__WORKING DATA__:
|---|
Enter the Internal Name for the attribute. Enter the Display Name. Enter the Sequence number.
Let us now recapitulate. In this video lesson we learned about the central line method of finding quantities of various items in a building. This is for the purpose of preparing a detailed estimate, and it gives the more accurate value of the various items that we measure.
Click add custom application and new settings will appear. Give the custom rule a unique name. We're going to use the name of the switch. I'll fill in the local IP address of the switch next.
|---|
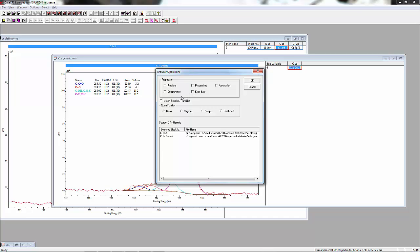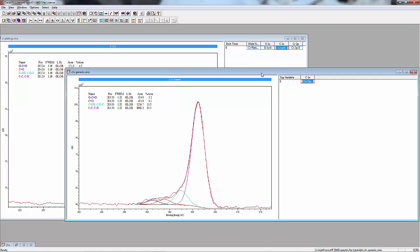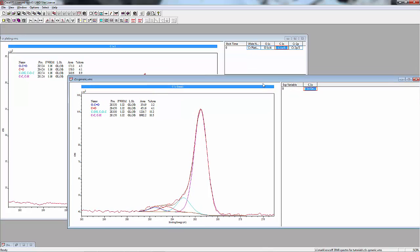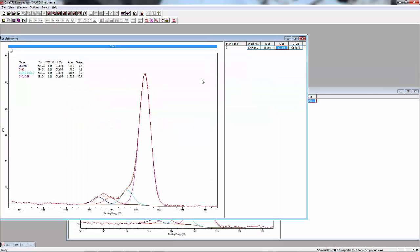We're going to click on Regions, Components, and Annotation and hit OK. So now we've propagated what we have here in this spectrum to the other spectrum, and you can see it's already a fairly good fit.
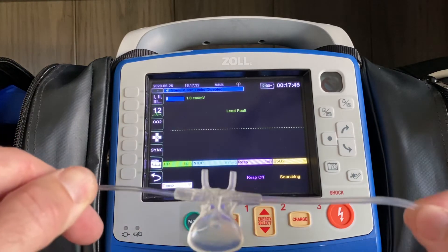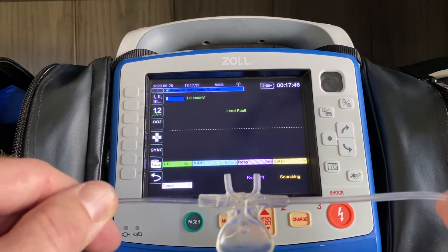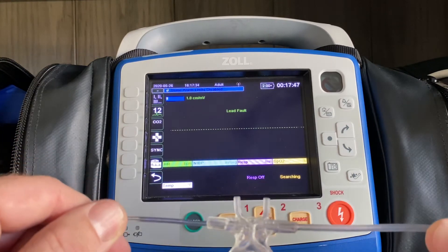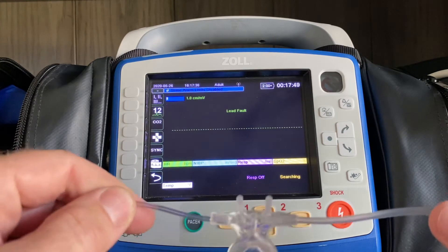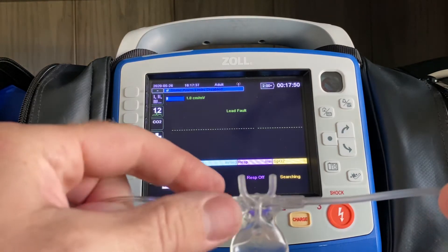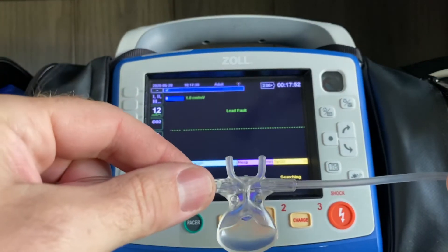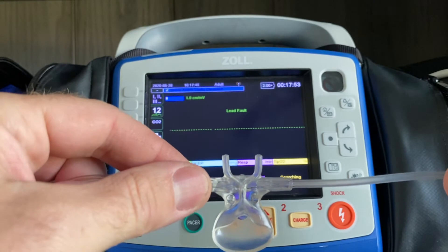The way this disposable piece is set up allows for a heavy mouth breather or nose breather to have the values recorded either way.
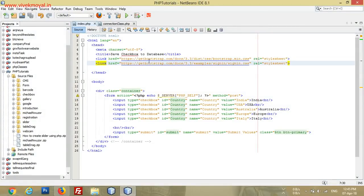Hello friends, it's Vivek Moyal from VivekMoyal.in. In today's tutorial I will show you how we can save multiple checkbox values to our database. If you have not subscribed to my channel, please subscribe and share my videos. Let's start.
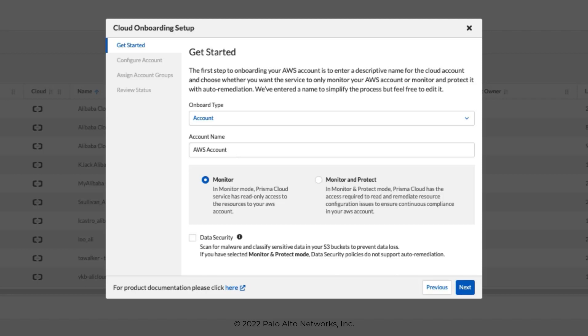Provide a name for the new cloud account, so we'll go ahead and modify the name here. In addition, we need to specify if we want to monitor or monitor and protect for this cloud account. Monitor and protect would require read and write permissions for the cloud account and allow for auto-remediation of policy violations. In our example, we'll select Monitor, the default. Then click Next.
|---|
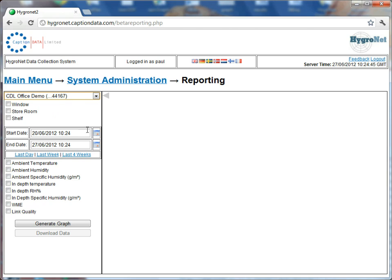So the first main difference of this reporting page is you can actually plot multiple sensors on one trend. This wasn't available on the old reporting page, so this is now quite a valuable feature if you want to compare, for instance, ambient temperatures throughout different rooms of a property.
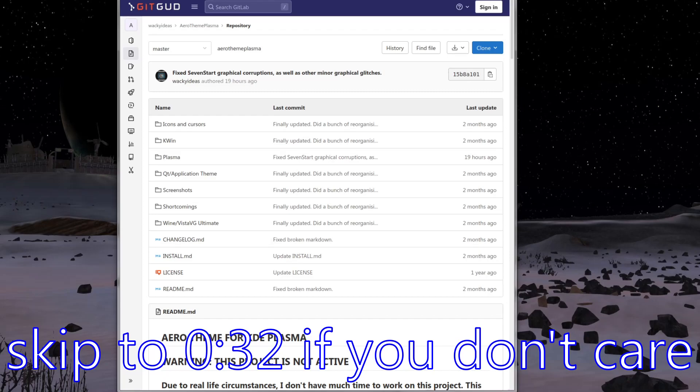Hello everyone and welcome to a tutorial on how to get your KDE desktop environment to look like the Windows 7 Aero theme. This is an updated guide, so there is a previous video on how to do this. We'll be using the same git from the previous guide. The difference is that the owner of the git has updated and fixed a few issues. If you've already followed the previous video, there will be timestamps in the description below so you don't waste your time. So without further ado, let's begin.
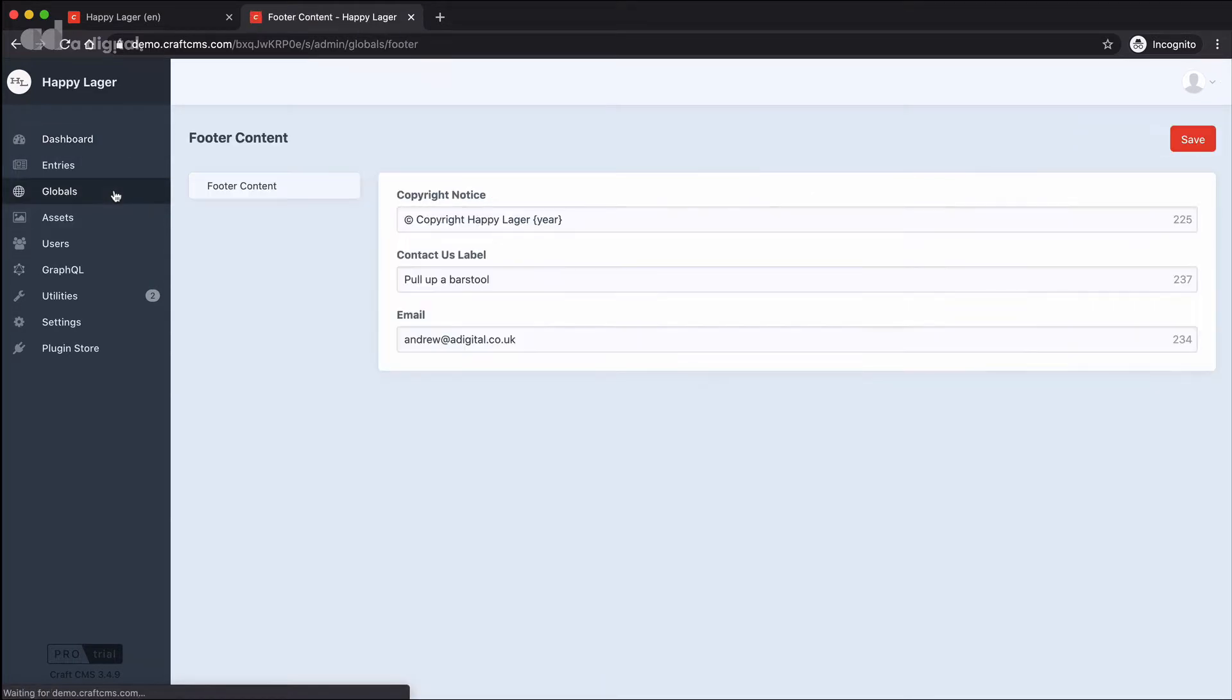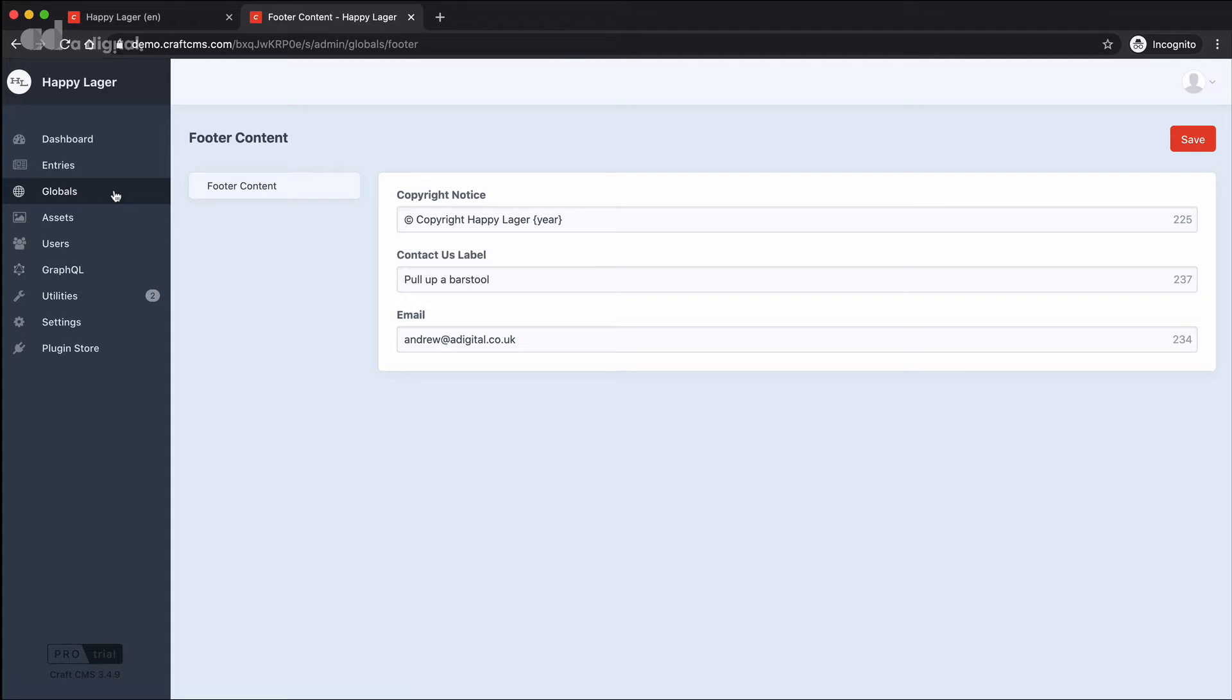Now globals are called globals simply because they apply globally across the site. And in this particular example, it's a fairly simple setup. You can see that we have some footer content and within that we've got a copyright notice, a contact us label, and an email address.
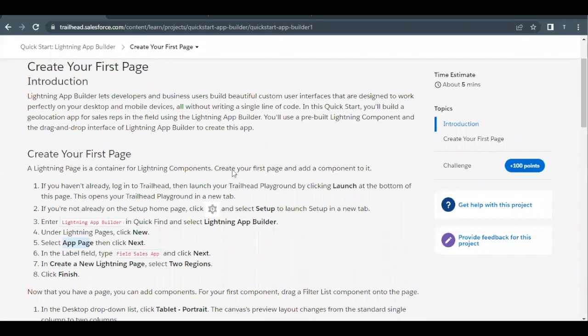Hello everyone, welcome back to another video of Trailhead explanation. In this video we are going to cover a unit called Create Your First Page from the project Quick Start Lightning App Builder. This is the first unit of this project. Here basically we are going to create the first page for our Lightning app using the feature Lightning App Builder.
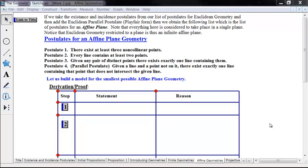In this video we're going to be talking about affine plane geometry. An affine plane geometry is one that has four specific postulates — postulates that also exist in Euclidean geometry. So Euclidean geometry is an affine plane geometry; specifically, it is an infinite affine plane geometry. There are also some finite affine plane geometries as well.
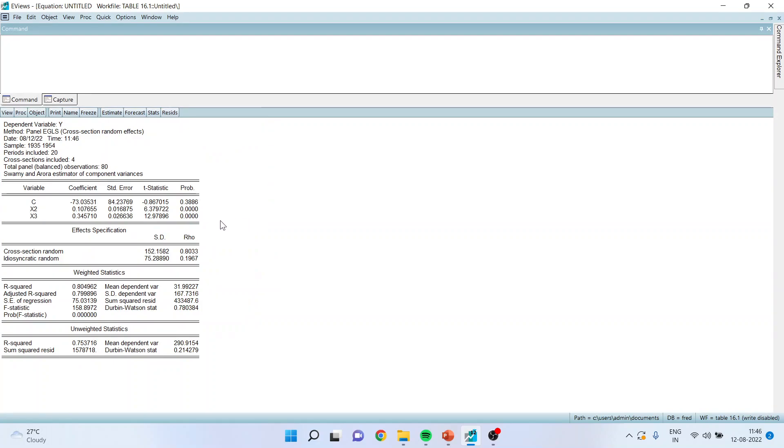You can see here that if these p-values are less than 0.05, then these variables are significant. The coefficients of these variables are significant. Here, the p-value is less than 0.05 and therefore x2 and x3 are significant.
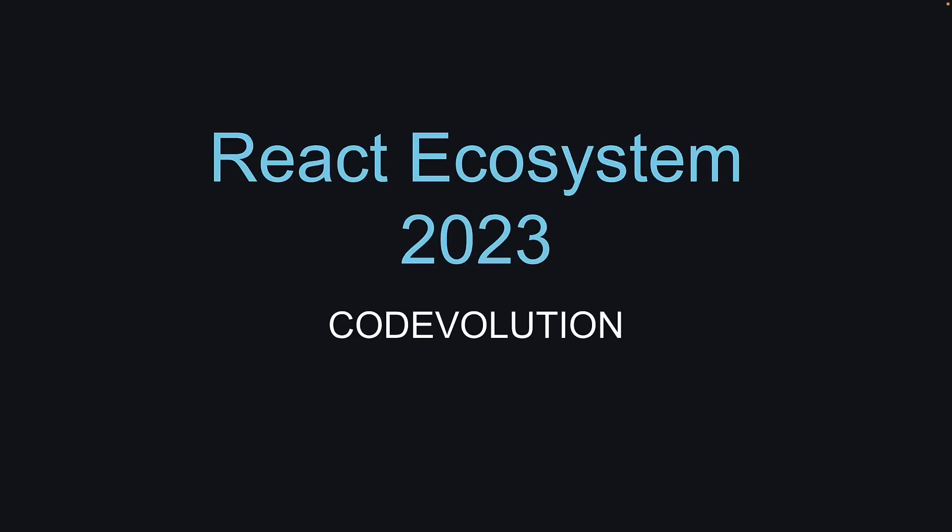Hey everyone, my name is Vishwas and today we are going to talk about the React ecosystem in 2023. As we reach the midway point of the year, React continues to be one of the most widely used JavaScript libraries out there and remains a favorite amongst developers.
|---|
__TASK GOAL__: With the line that has "Enter the Internal" as the first and the line that has "Click add custom" as the last, repeat exactly that run of lines above and no more.

__REPLY TO THE TASK__:
Enter the Internal Name for the attribute. Enter the Display Name. Enter the Sequence number.
Let us now recapitulate. In this video lesson we learned about the central line method of finding quantities of various items in a building. This is for the purpose of preparing a detailed estimate, and it gives the more accurate value of the various items that we measure.
Click add custom application and new settings will appear. Give the custom rule a unique name. We're going to use the name of the switch. I'll fill in the local IP address of the switch next.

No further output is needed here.